Daily Management Review

Leading US Banks Increase Dividends Following A Flawless Fed Stress Test


Leading US Banks Increase Dividends Following A Flawless Fed Stress Test
In the Federal Reserve's annual health check, American banking titans demonstrated that they had sufficient capital to survive significant market and economic volatility by announcing intentions to increase their third-quarter payouts on Friday.
The biggest lender in the United States, JPMorgan Chase, increased its dividend from $1.15 per share to $1.25 per share, per a filing. Additionally, as of July 1, its board approved $30 billion in fresh share buybacks.
According to separate regulatory filings from the lenders, Bank of America's dividend will grow to 26 cents per share from 24 cents, while Citigroup's will jump to 56 cents from 53 cents.
After the dividend announcement, Zacks Investment Management's client portfolio manager, Brian Mulberry, stated that banks will remain capital-conservative as long as the Basel plan remains unresolved.

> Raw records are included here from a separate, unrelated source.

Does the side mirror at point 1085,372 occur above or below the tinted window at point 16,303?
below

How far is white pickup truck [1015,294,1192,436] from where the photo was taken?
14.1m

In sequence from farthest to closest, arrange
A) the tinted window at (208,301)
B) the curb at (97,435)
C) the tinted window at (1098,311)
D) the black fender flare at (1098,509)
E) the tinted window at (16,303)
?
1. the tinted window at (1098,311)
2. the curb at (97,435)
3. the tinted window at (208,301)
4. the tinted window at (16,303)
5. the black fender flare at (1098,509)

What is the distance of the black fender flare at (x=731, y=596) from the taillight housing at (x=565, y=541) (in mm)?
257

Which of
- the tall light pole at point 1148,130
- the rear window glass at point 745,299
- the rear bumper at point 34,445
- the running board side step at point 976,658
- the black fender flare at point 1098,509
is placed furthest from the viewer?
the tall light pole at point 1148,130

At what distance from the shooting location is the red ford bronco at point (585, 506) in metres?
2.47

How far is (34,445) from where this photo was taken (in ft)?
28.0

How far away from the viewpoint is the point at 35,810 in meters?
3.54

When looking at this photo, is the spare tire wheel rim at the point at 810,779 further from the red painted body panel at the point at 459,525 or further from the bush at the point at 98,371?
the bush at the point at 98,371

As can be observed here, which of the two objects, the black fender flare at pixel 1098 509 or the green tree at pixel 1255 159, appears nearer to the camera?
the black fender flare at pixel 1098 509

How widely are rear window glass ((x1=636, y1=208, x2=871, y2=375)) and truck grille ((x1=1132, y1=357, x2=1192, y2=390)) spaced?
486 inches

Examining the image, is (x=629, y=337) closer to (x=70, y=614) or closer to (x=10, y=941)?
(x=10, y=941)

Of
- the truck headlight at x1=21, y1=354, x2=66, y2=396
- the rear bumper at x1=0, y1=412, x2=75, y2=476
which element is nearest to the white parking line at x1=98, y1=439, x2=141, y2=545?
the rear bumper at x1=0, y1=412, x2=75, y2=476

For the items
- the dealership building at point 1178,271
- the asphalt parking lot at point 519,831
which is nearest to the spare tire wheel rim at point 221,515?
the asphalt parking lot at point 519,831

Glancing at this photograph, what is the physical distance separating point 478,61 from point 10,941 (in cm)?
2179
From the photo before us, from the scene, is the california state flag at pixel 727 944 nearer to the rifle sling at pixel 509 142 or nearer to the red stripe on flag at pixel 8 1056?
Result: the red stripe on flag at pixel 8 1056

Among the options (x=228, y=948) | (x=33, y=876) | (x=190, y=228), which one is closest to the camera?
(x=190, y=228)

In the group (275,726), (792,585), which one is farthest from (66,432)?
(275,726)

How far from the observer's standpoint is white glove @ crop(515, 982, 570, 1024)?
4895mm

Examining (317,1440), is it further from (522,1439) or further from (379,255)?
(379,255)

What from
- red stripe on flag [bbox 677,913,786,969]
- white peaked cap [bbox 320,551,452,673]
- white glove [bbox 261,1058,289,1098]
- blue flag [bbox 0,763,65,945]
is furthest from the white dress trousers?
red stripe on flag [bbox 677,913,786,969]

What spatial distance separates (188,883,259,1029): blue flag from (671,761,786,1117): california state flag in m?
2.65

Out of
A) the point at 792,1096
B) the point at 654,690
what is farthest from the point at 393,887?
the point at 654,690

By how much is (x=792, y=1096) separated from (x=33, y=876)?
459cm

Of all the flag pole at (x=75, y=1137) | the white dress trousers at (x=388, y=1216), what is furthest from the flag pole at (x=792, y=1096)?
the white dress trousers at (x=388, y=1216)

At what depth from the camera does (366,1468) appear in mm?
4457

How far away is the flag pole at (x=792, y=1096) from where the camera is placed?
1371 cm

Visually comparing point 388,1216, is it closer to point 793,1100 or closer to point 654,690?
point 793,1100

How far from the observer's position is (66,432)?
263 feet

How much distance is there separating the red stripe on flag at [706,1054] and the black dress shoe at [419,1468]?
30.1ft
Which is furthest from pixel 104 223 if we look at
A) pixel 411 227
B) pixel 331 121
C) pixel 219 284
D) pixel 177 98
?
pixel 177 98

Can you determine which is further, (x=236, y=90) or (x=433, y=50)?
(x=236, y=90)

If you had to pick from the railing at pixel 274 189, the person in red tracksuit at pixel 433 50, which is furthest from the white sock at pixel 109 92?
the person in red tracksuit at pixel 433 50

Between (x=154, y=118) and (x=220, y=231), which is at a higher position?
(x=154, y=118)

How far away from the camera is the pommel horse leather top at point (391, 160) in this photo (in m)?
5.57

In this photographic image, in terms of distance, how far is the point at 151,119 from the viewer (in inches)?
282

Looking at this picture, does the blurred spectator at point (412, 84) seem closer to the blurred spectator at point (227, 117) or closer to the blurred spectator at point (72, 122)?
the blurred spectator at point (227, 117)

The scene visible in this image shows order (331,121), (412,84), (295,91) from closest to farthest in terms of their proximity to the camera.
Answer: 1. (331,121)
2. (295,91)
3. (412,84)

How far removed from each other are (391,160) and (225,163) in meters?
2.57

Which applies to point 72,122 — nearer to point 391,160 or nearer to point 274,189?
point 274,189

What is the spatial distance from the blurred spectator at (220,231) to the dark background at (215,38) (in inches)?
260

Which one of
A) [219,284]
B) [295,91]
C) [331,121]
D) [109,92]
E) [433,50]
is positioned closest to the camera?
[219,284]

Higher capital requirements outlined in draft regulations dubbed the Basel endgame, according to banks, might make it more difficult for them to lend money and could be bad for the economy.
According to a filing, Morgan Stanley increased its dividend from 85 cents per share to 92.5 cents.
The statements followed the banks' successful passing of the Federal Reserve's stress test earlier this week, which establishes the minimum amount of capital they must set aside in order to pay out dividends to shareholders.
The dividend for Goldman Sachs will increase to $3 per share from its previous amount of $2.75.
The size of a bank's stress capital buffer (SCB), an additional capital cushion that the Fed mandates banks maintain to weather a hypothetical economic downturn, is determined by how well the firm does on the stress tests.
In order to learn more about the reasons for the SCB hike, Goldman stated it will speak with its regulator.
"This increase does not seem to reflect the strategic evolution of our business and the continuous progress we’ve made to reduce our stress loss intensity," David Solomon, our CEO, said in a statement.
The dividend of Wells Fargo will increase to 40 cents.
Compared to 23 major banks assessed last year, 31 institutions were tested this year. The tests demonstrated that even in the event of a significant increase in unemployment, extreme market volatility, or sharp declines in the residential and commercial mortgage markets, banks would have sufficient capital to continue lending.